An exact copy of all the data is the expected answer.
(Beginning of Exercise input)
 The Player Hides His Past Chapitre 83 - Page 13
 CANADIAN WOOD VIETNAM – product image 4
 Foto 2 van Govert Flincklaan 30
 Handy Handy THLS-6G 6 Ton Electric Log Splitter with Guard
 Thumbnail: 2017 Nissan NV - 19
(End of Exercise input)
» **Exercise solution**:
 The Player Hides His Past Chapitre 83 - Page 13
 CANADIAN WOOD VIETNAM – product image 4
 Foto 2 van Govert Flincklaan 30
 Handy Handy THLS-6G 6 Ton Electric Log Splitter with Guard
 Thumbnail: 2017 Nissan NV - 19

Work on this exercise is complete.